L'avenir est intégré

Le secteur de la location de vacances est à un point d'inflexion. Pendant des années, la pile technologique a été fragmentée : des systèmes différents pour les réservations, l'exploitation, la communication avec les voyageurs, la gestion des propriétaires. Cette fragmentation a rendu impossible la création d'expériences vraiment fluides.

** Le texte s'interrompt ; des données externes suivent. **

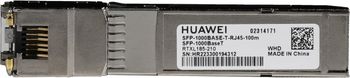 Tarjeta de Red HUAWEI eKit SFP-1000BaseT RJ-45 1000 Mbit/s Cobre Metálica 100m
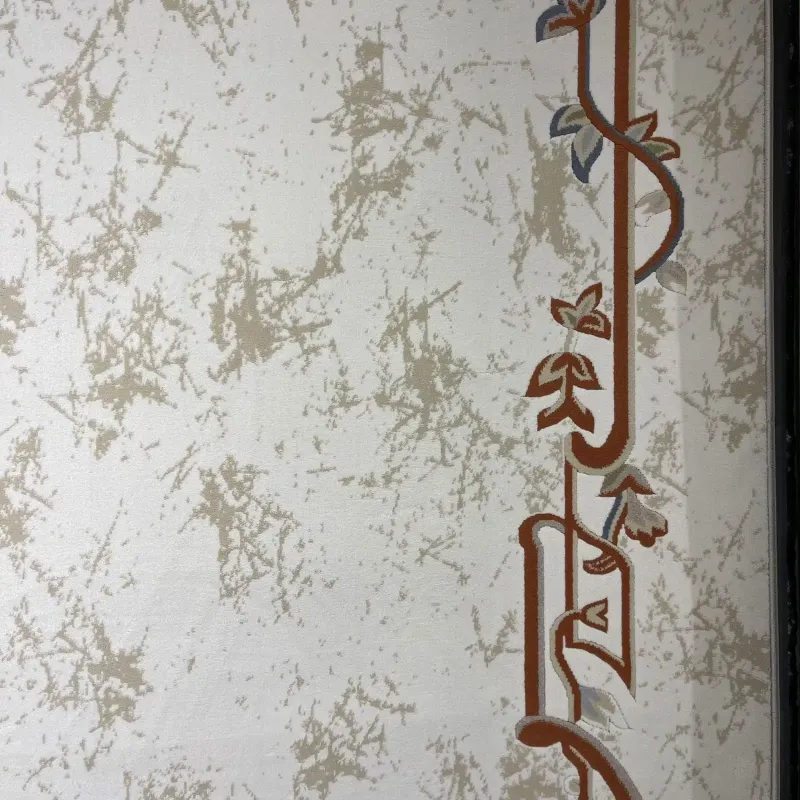 Turkish rug Berna 9572A tile size 400*500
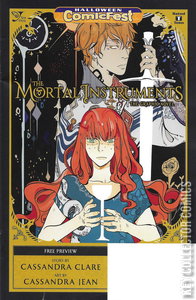 The Mortal Instruments The Graphic Novel #0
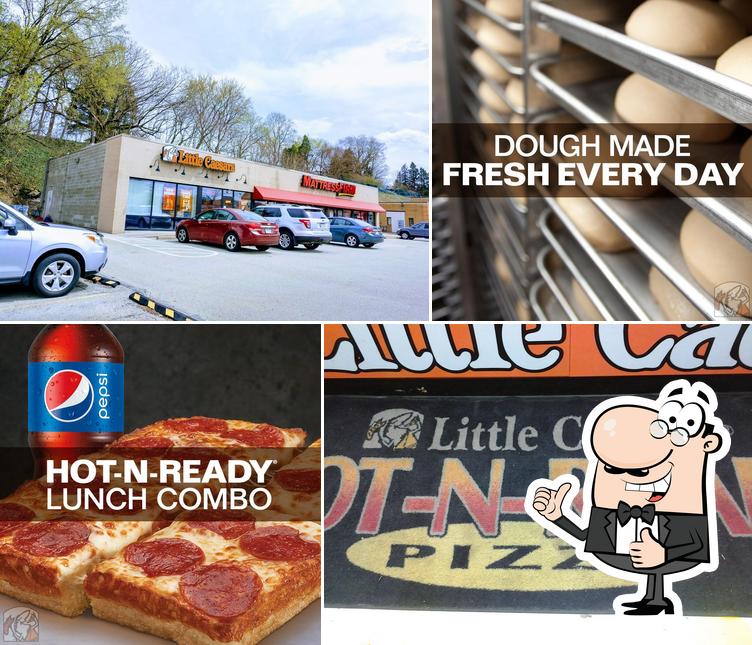 Little Caesars Pizza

L'IA change la donne, mais seulement pour les entreprises dotées de systèmes intégrés. Quand tout est cloisonné, l'IA ne peut rien pour vous. Quand tout est connecté, il devient possible d'offrir ce type de service personnalisé et proactif qui transforme réellement les voyageurs d'un jour en clients fidèles.

« On peut faire tellement plus », dit Alex. « Et vraiment, le principe fondamental de l'IA, et la façon dont elle fonctionne le mieux, c'est quand elle a accès à toutes les données. »

Les gestionnaires immobiliers qui comprennent cela en premier — ceux qui bâtissent la bonne base technologique, qui pensent au parcours client complet, qui équilibrent stratégiquement les réservations directes et via les OTA — sont ceux qui prospéreront encore dans cinq ans.

Les autres se demanderont pourquoi leur drame de PMS n'a jamais pris fin.